Bahadınlı’nın kitaplarında Türkçe’nin gerçekten çiçek açtığını söyleyebilirim.
“NÂZIM’IN ŞAPKASI”
Yusuf Ziya Bahadınlı’nın şapkaya düşkünlüğü ünlüdür. O da tıpkı Attilâ İlhan gibi, kişiliğinin ayrılmaz bir parçası olan kasketini başından hiç çıkarmaz. Bu tutku onda öylesine güçlüdür ki zaman zaman “şapka” söylemini başka alanlara taşımaktan da geri durmaz. Yakın tanığı olduğum bir olayı aktarayım:
Sol Meclis’in İstanbul’daki toplantılarından birindeydik. Toplantı, “Nazım Kültürevi”nin Beyoğlu’ndaki konferans salonunda yapılıyordu. Meclis’e sunulan siyasal bildirilerden birini tartışıyorduk. Bahadınlı söz aldı ve “Nâzım’ın şapkası nerede?” diye sordu. Toplantıdakilerin şaşkınlıkla kendisine baktığını görünce sorusunu açıkladı:
“Kültürevi’mizin adında küçük bir yazım yanlışı var. Nâzım sözcüğünün şapkası düşmüş! Bu düzeltme imini yerine koymamız gerekiyor…”

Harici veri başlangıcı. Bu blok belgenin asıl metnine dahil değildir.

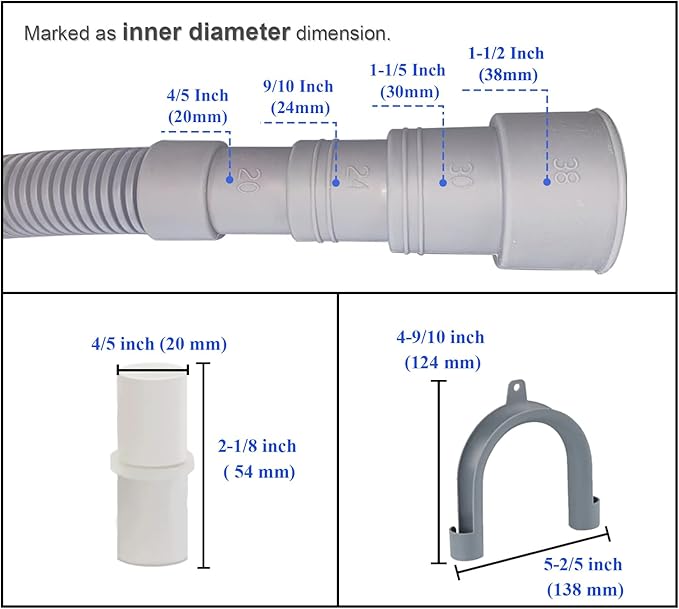 6.5ft Washing Machine Drain Hose Extension Kit - Universal for Washer, Dishwasher & Dehumidifier, 7-Piece Set with U-Bracket, 4 Clamps & Adapter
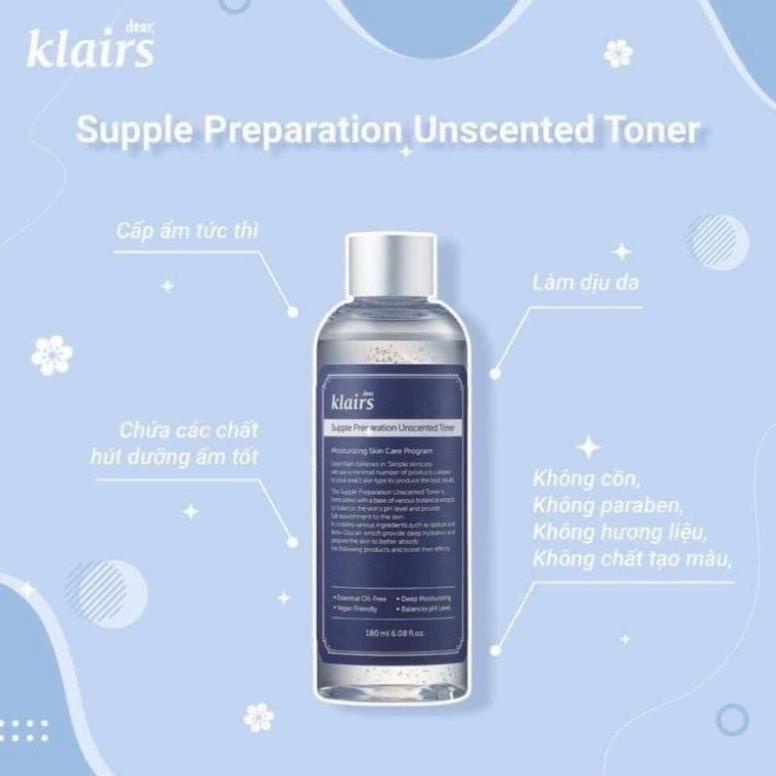 Nước Hoa Hồng Dear Klairs Supple Preparation Unscented Toner Không Mùi Dưỡng Ẩm Và Làm Mềm Da 180ml TN1 | BigBuy360 - bigbuy360.vn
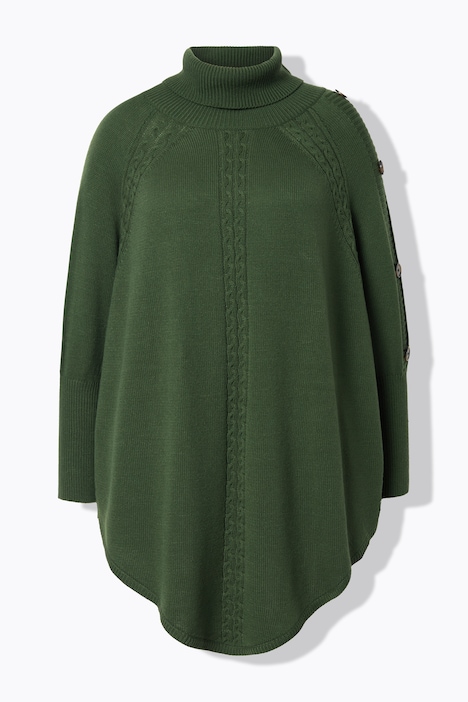 Pullover, Poncho-Style, Zopfmuster, Zipfelsaum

Politikayla uğraşanların dili pek önemsemedikleri biliniyor. Yusuf Ziya Bahadınlı bu açıdan da ayrıksı bir insandır. Türkçeyi iyi kullanan bir yazar ve politika insanı olarak dilde özensizliğe hoşgörüyle bakmadığını her zaman değişik biçimlerde göstermiştir.

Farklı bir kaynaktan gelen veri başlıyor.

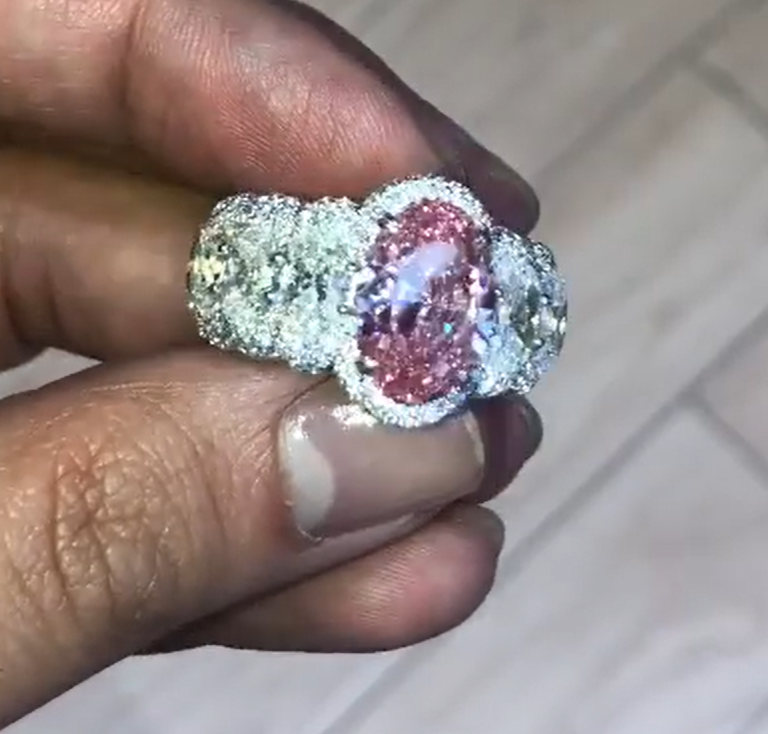 Fashion 7.5ct Oval Cut Pink Sapphire Fancy  Engagement Ring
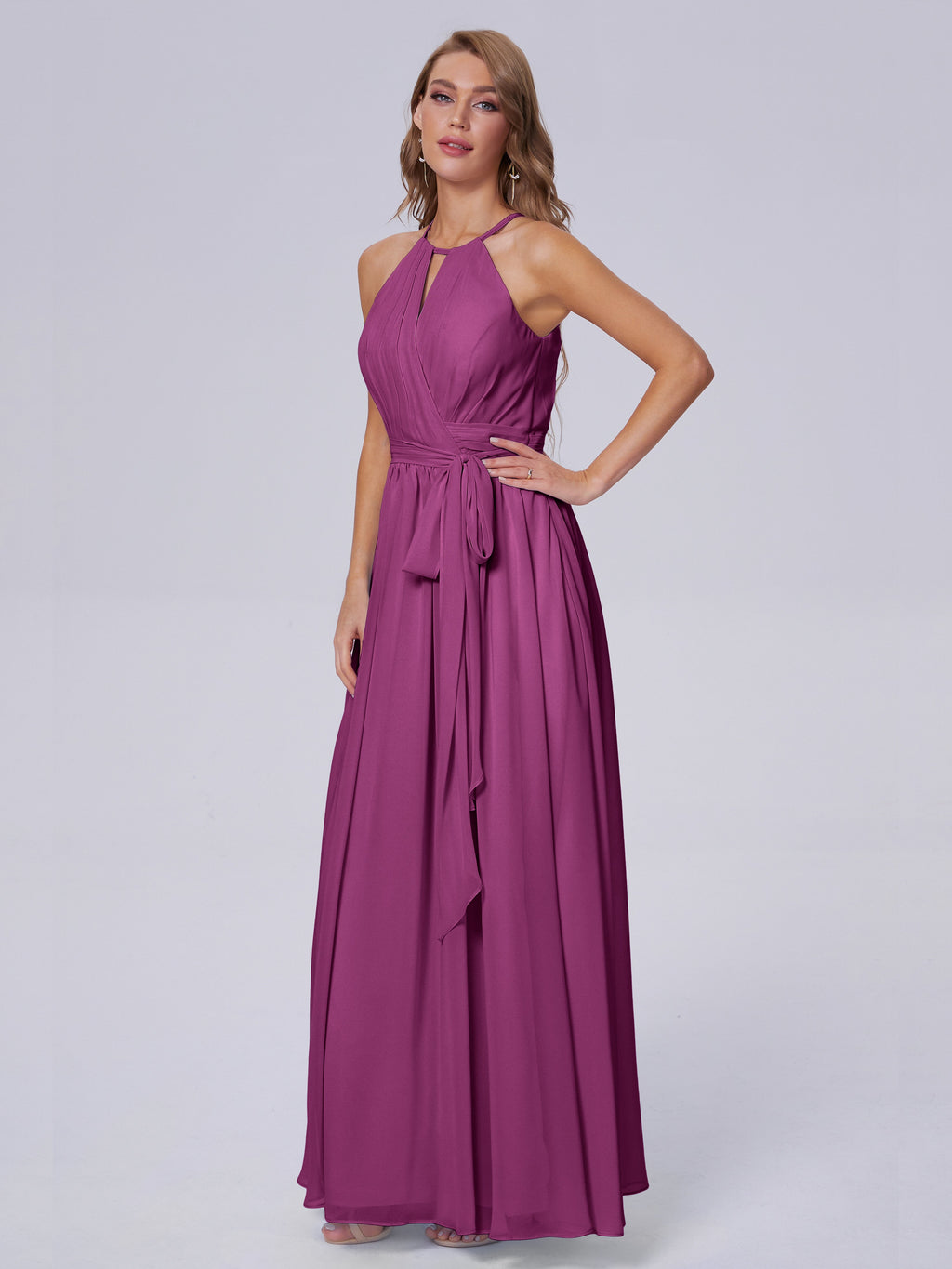 Amy Gorgeous Halter Chiffon Long Bridesmaid Dresses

Yalnız Türkçesi değil, el yazısı da öylesine işlek ve akışkandır Bahadınlı’nın. Yetmiş yıl önce çapa tutmuş bu nasırlı ellerin şimdi kalem tutuşundaki inceliğe hayran kalırsınız! Parmaklarından dökülen inci gibi satırları okurken, gözlerinizi harflerin birbirine eklenişindeki tutkulu kucaklaşmadan ayıramazsınız! Bahadınlı, hiçbir çıkar beklentisinin gölgesinde kirlenmemiş namuslu kalemini, bir yandan sömürücü sınıflara karşı aydınlık ve savaşımcı bir yazar olarak silah gibi kullanırken, öbür yandan, sevdalı bir hat ustasının yumuşak ve dingin yetkinliğiyle ak kâğıt üzerinde doludizgin gezdirir…

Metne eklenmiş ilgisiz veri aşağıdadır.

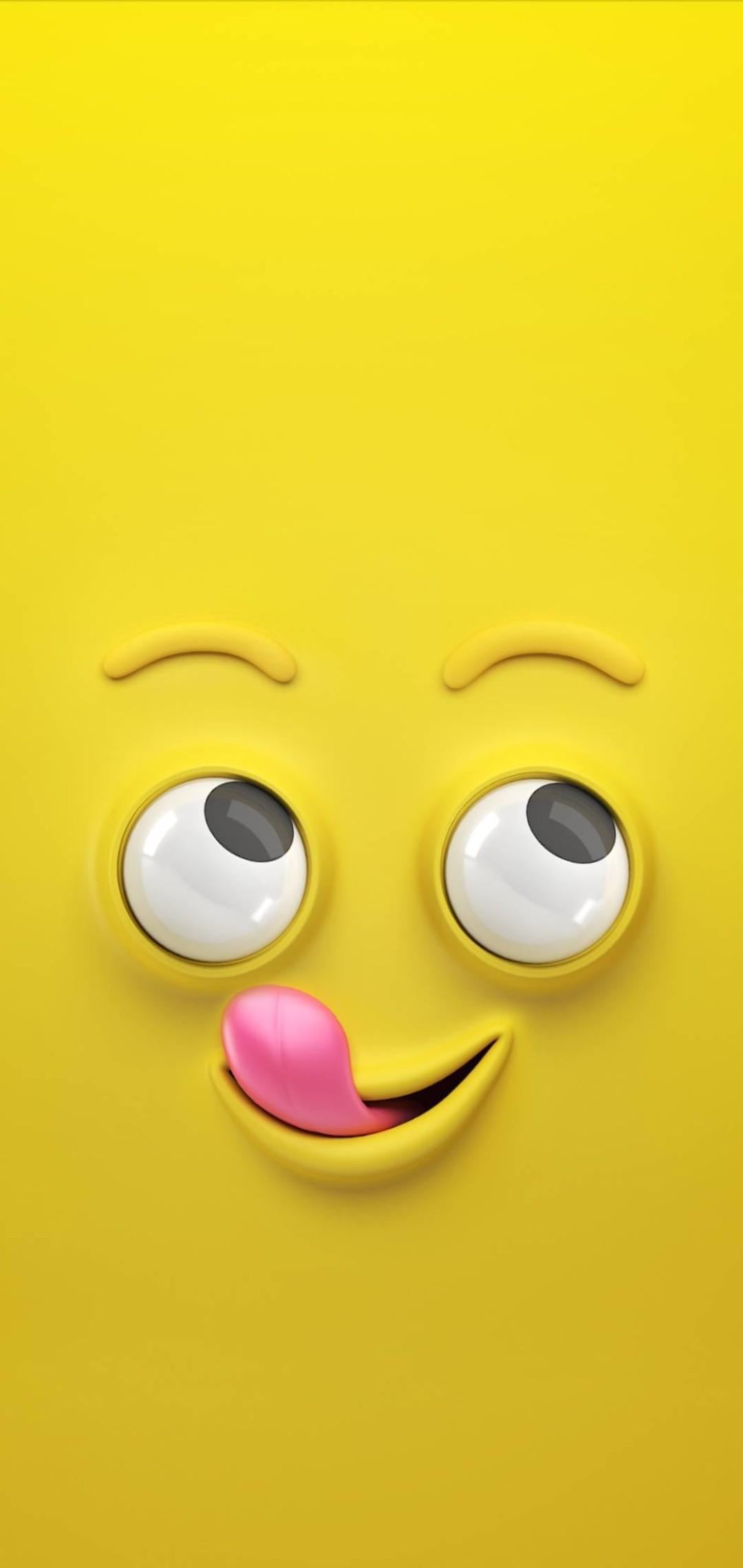 Emoji giallo faccia buffa 3D, 1080x2280 Full HD Verticale, Realme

Bahadınlı’nın elinden çıkmış her satır, yalnız içeriğiyle değil, kaligrafisiyle de değerlidir, resim gibi saklanabilir.
* * *
Dostları ve hemşerileri, 1994 yılında ona armağan etmek için hazırladıkları albümsü kitaba, “Yetmişe Üç Kala” adını vermişlerdi. Yusuf Ziya Bahadınlı, o sırada 67 yaşındaydı. Bugün ise 94 yaşında! Yani dalya demeye az kaldı!
Düşmana inat, biz onun 100. yaşını da kutlayacağız!
_______________________
[1] Türkiye İşçi Partisi’nin efsane radyo konuşmaları, Attila Aşut ve Gökhan Atılgan’ın hazırladıkları ve yakınlarda Yordam Kitap’tan çıkan “Türkiye İşçi Partisi Radyoda / Proletaryanın Büyülü Kutusu” adlı kitapta toplandı. Kimi konuşmaların karekod uygulamasıyla özgün seslerinden dinlenebildiği 544 sayfalık bu kitapta, Attila Aşut’la yapılmış çok kapsamlı bir söyleşi de yer alıyor.